The second phase of the State System redesign is underway, the chancellor reported. It will align System goals with individual university resources.
“Over the past seven months and after thousands of conversations, I have learned that we provide in our universities an amazing collection of talented, passionate people who are fiercely aligned with our mission,” Greenstein said.
“This redesign places our students at the center of what we are doing, invests and pools together our faculty and staff. Transforming fundamentally is how we’ll sustain ourselves.”
The chancellor discussed ways that sharing educational resources among System schools could provide more opportunities for students.

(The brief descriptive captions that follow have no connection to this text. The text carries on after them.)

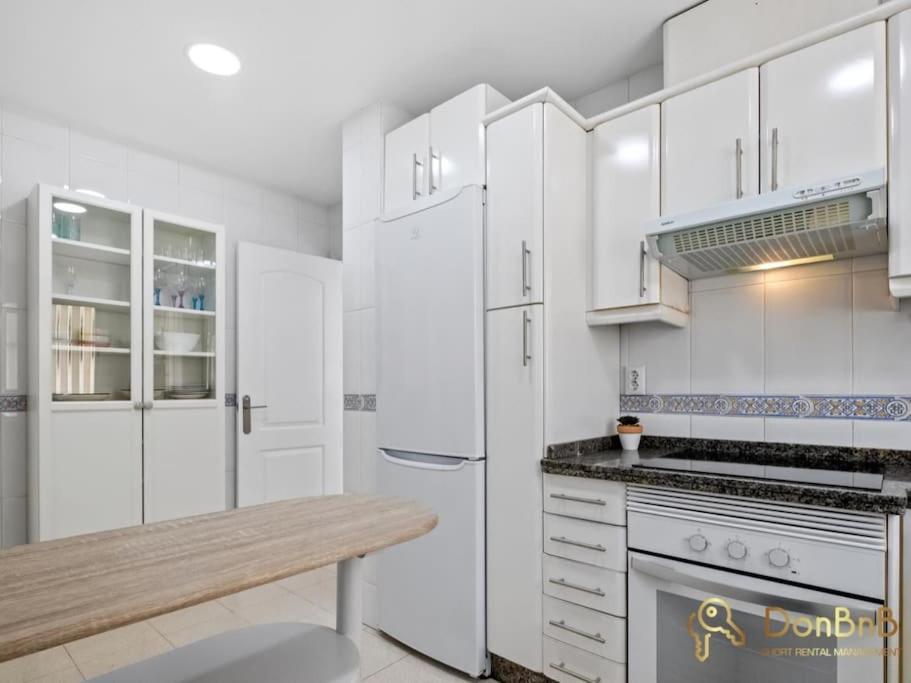פואנגירולה Apartamento Cerca De La Playa En Las Lagunas De Mijas מראה חיצוני תמונה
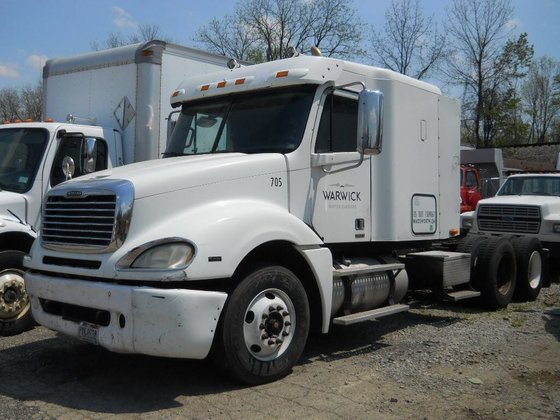 2007 FREIGHTLINER COLUMBIA CONVENTIONAL -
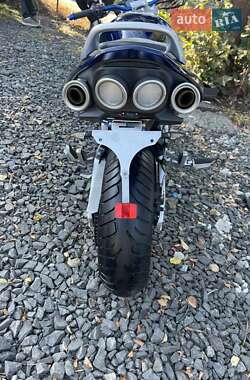 Мотоцикл Спорт-туризм Suzuki GSR 600 2006 в 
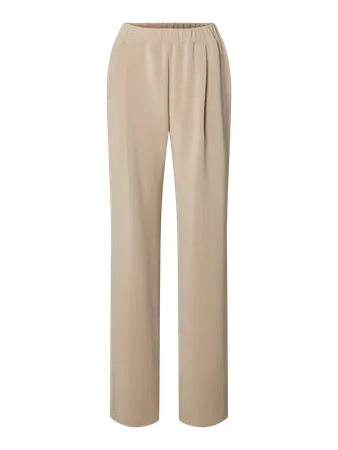 Tenny Pant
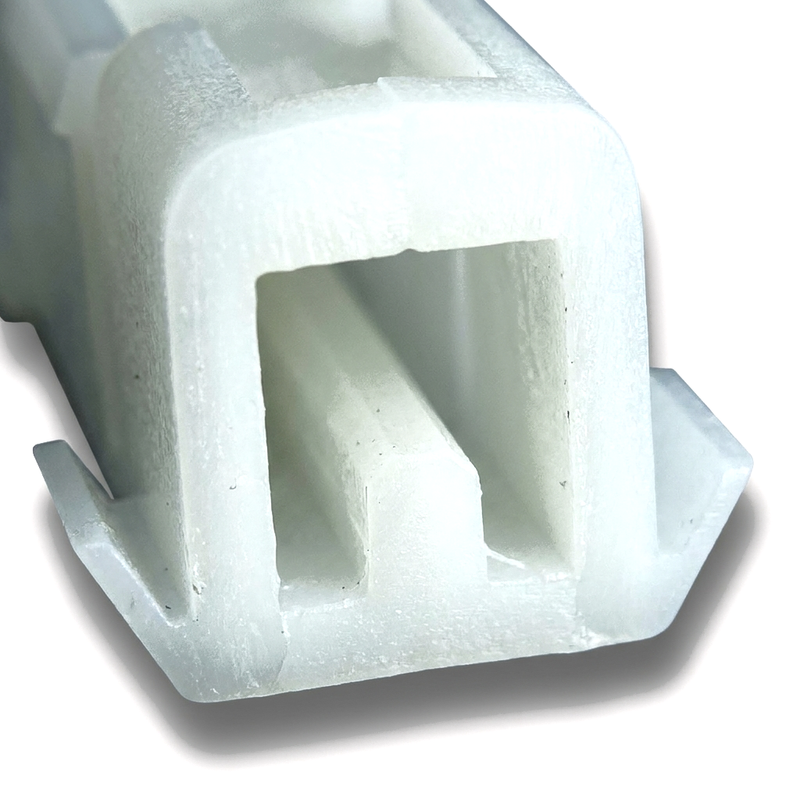 GM Geo Isuzu Windshield Moulding Clip 17355 - Macro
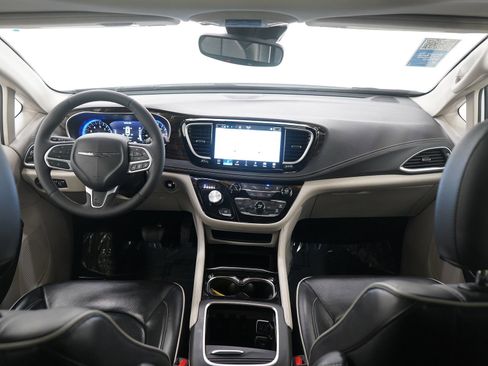 Used 2024 Chrysler Pacifica Limited image 15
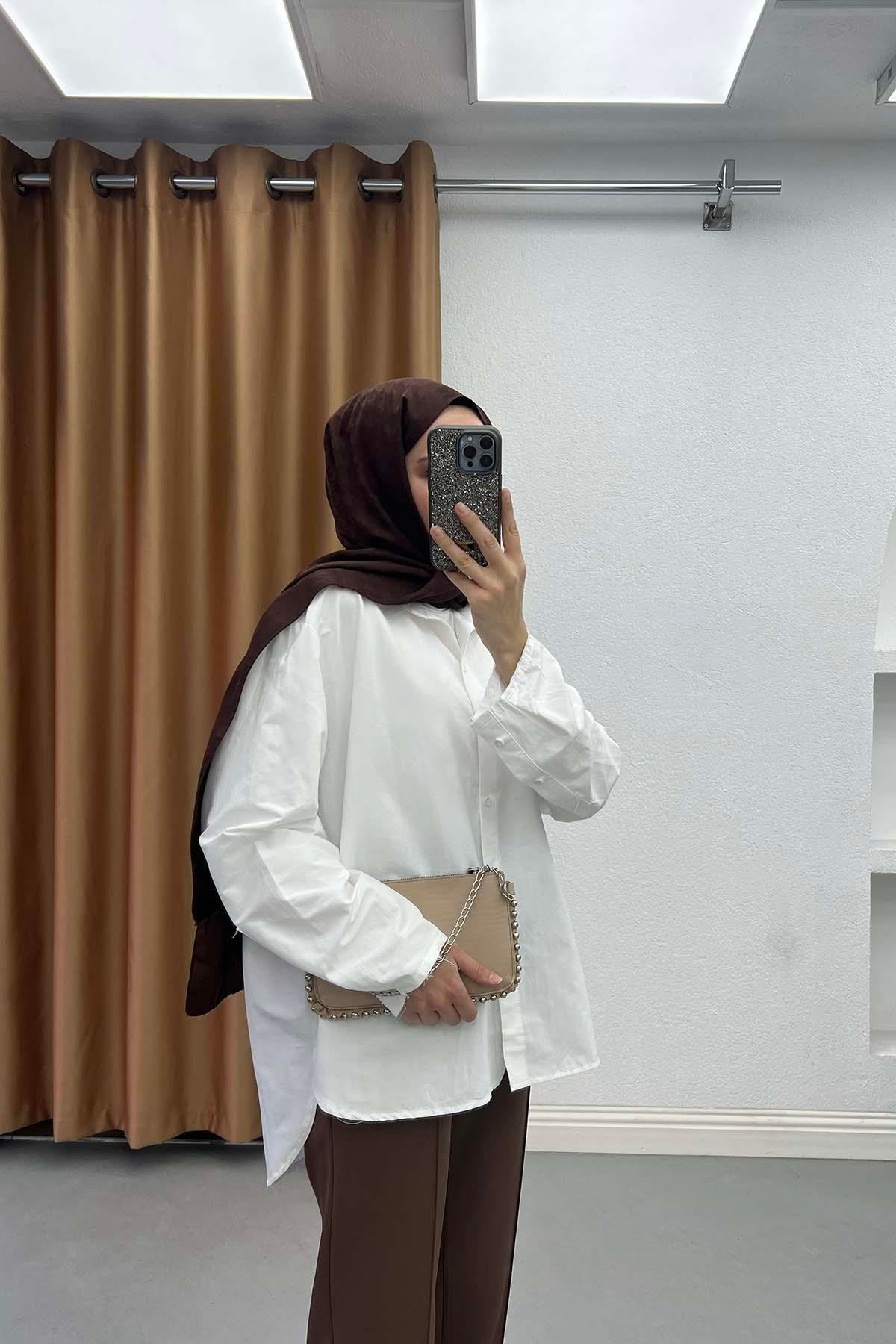 Sırtı Yırtmaç Detaylı Oversize Gömlek Beyaz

Although the redesign is still in the planning stage, he mentioned study abroad, career services and even academic courses as resources that might be shared.
“Each university has unique strengths,” Greenstein said. “By greater collaboration among our 14 universities, we can prepare our students for their best possible future, address our many challenges, and position our universities not only to survive but to thrive in the 21st century. “
Student success was the focus as Greenstein delivered the keynote address at the Strike a Spark Conference, where he thanked students for inspiring him with their talent, curiosity and scholarship.
He also held meetings with faculty, staff and students, University leadership, and Cal U trustees during his daylong visit.
“It is going to require enormous transformational innovation to move our System and our universities into the future,” Greenstein said.
“This redesign is not a modest adjustment to our enterprise, but a long-term, multi-year journey.”
Despite the challenges inherent in implementing change, the chancellor said he is optimistic that Pennsylvania can become a model for other large-scale educational systems.
"The limits of our capability are the limits of our imagination.”